2.1.2. Die BF reisten mit einem Visum legal aus dem Iran aus und legal in das österreichische Bundesgebiet ein. Sie stellten nach wochenlangem, illegalem Aufenthalt am 04.06.2018 den gegenständlichen Antrag auf internationalen Schutz. Für die nachgeborene BF4 wurde am 08.01.2020 ein Asylantrag gestellt.

Es kann festgestellt werden, dass die BF im Iran keinen Kontakt zum Christentum gehabt haben. Es kann auch festgestellt werden, dass die BF nicht von den iranischen Behörden verfolgt werden, weil der BF1 in einer privaten Chatgruppe islamkritische Videos gepostet und die BF2 diese kommentiert hätte.

Die BF1, BF2 und BF3 wurden in Österreich getauft und sind in einer evangelischen Kirchengemeinde aktiv. Es kann festgestellt werden, dass sich der BF1 und die BF2 mit christlichen Glaubensinhalten auseinandergesetzt haben. Jedoch haben sich der BF1 und die BF2 nicht nachhaltig dem christlichen Glauben zugewandt und daher ist dieser Glaube für die beiden BF auch nicht identitätsstiftend. Bei der behaupteten Konversion der BF handelt es sich um eine Scheinkonversion.

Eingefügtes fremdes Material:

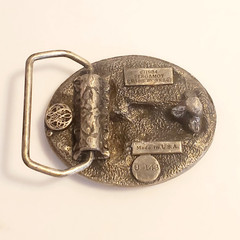 Vintage 1984 Bergamot Brass Works Car Scene Belt Buckle U L43 Made In USA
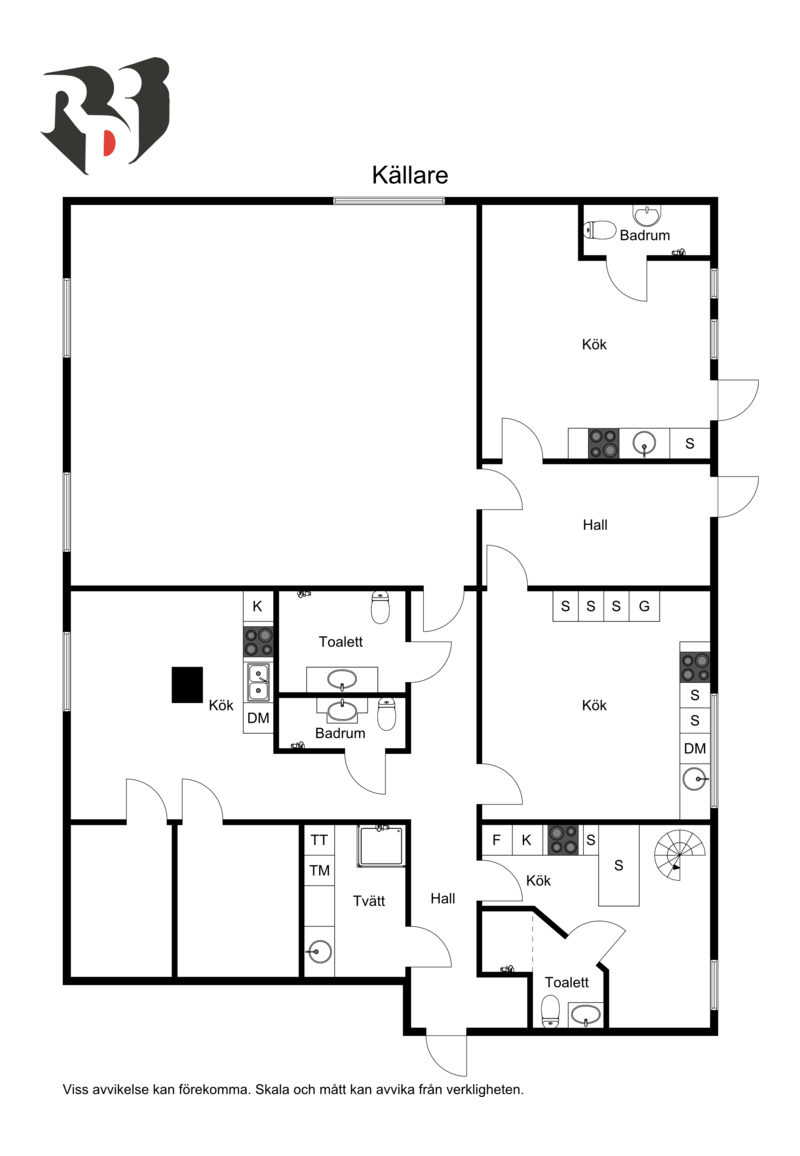 Planlösning källare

Es können keine stichhaltigen Gründe für die Annahme festgestellt werden, dass die BF Gefahr liefen, im Iran einer unmenschlichen Behandlung oder Strafe oder der Todesstrafe bzw. einer sonstigen konkreten individuellen Gefahr unterworfen zu werden.

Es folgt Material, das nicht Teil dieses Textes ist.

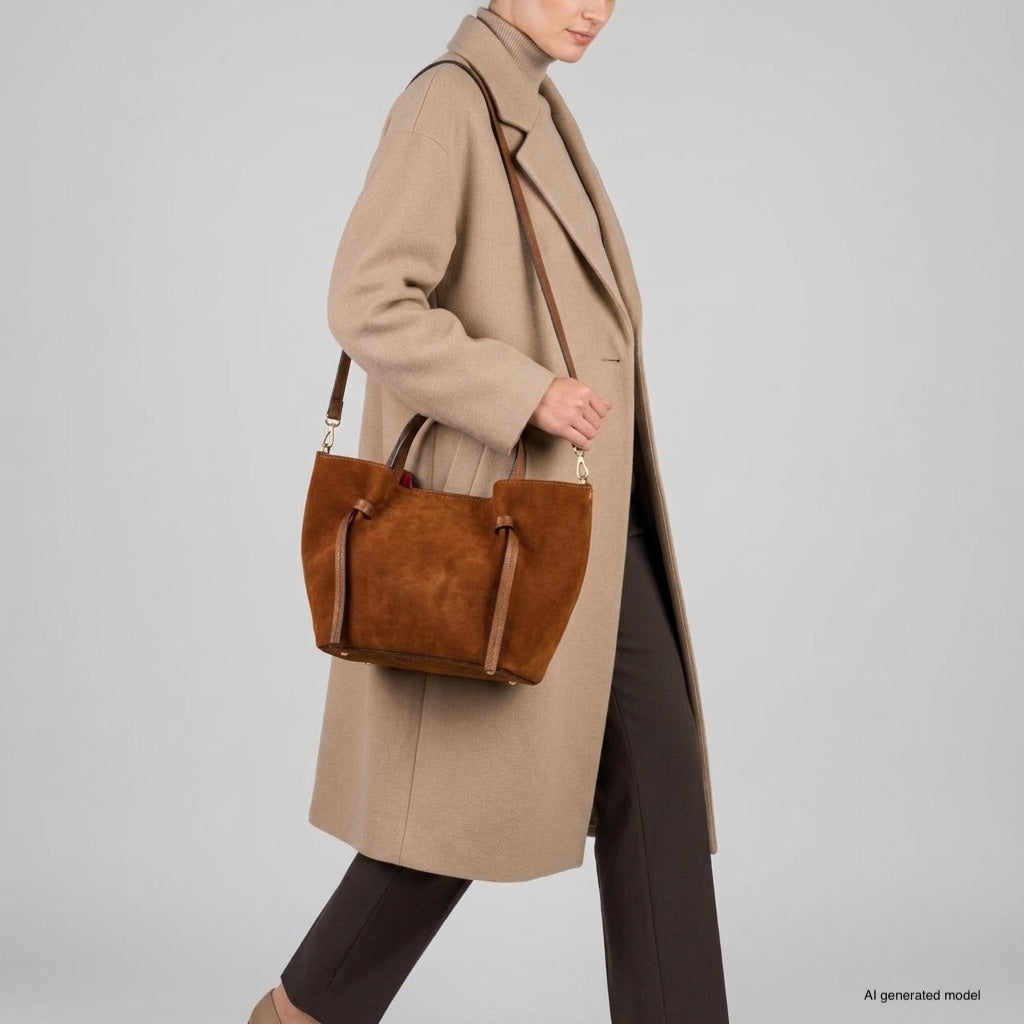 Italian Genuine Suede Tote Bag 292730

Es wird festgestellt, dass die BF im Falle ihrer Rückkehr in den Iran weder in eine existenzgefährdende Notsituation geraten würde noch als Zivilpersonen einer ernsthaften Bedrohung des Lebens oder der Unversehrtheit infolge willkürlicher Gewalt im Rahmen eines innerstaatlichen oder internationalen Konfliktes ausgesetzt wären.

Zum Entscheidungszeitpunkt konnte auch keine sonstige aktuelle Gefährdung der BF in ihrem Herkunftsstaat festgestellt werden.

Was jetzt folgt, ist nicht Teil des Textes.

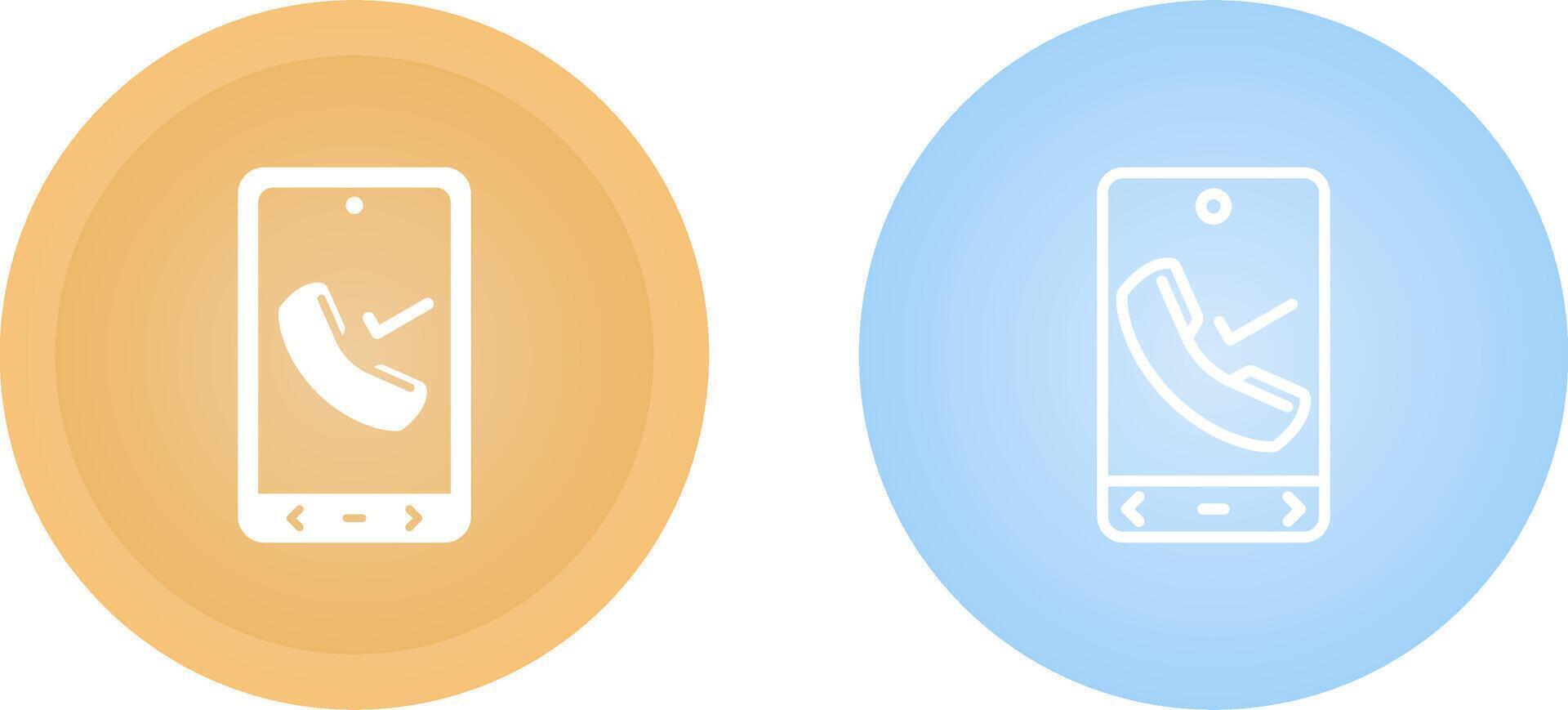 Call Recived Vector Icon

2.1.3. In Österreich haben die BF, die alle vier eine gleichlautende Asylentscheidung erhalten, mit dem asylberechtigten Bruder der BF2 einen Familienangehörigen. Zu diesem besteht jedoch weder ein engerer Kontakt noch ein Abhängigkeitsverhältnis.

Die BF sind in Österreich nicht selbsterhaltungsfähig und beziehen seit ihrer Asylantragstellung in Österreich Leistungen von der staatlichen Grundversorgung.

Die BF verfügen zum Entscheidungszeitpunkt über keine relevanten Bindungen zu Österreich.

Der BF1 und die BF2 sprechen ein wenig Deutsch. Sie haben neben Sprachkursen auch an integrativen Maßnahmen teilgenommen.

Die BF sind in einer christlichen Gemeinde aktiv. Über diese haben sei im Bundesgebiet im Zuge ihres Aufenthaltes einige Freundschaften geschlossen. Ansonsten konnten keine maßgeblichen Anhaltspunkte für die Annahme einer hinreichenden Integration der BF in Österreich in sprachlicher, beruflicher und gesellschaftlicher Hinsicht festgestellt werden. Insgesamt ist – insbesondere unter der Betrachtung der Aufenthaltsdauer der BF – davon auszugehen, dass die privaten Interessen der BF, die öffentlichen Interessen nicht überwiegen.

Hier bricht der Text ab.